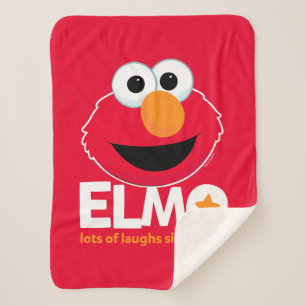 Manta Sherpa Barrio Sésamo Elmo Lots of Laughs Desde 1984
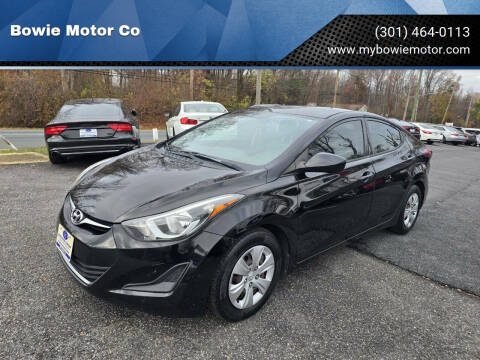 2016 Hyundai Elantra for sale at Bowie Motor Co in Bowie MD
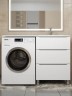 Тумба под стиральную машину напольная Uperwood Tanos 58х47,5х76,5 см, белая, 3 ящика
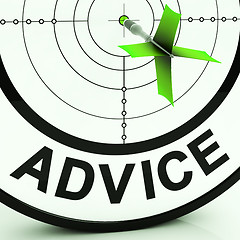 Image showing Advice Target Shows Knowledge Support And Help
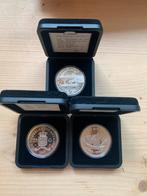 Antillen 3x 25 Gulden 1997-1999 proof zilver, Postzegels en Munten, Munten | Nederland, Ophalen of Verzenden, Koningin Beatrix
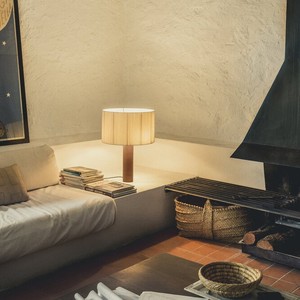 Vintage Style Table <b>Lamp</b> Solid Wood Retro Ambient <b>Light</b> <b>LED</b> E27 Switch Control Living Room Bedroom Desk <b>Lamp</b> - Product Image 4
━━━━━━━━━━━━━━━━━━━━
(Instructions for the task): An exact repeat of the listing above, pictures excluded, is the answer.

(Response):
 Manta Sherpa Barrio Sésamo Elmo Lots of Laughs Desde 1984
 2016 Hyundai Elantra for sale at Bowie Motor Co in Bowie MD
 Тумба под стиральную машину напольная Uperwood Tanos 58х47,5х76,5 см, белая, 3 ящика
 Image showing Advice Target Shows Knowledge Support And Help
 Antillen 3x 25 Gulden 1997-1999 proof zilver, Postzegels en Munten, Munten | Nederland, Ophalen of Verzenden, Koningin Beatrix
 Vintage Style Table <b>Lamp</b> Solid Wood Retro Ambient <b>Light</b> <b>LED</b> E27 Switch Control Living Room Bedroom Desk <b>Lamp</b> - Product Image 4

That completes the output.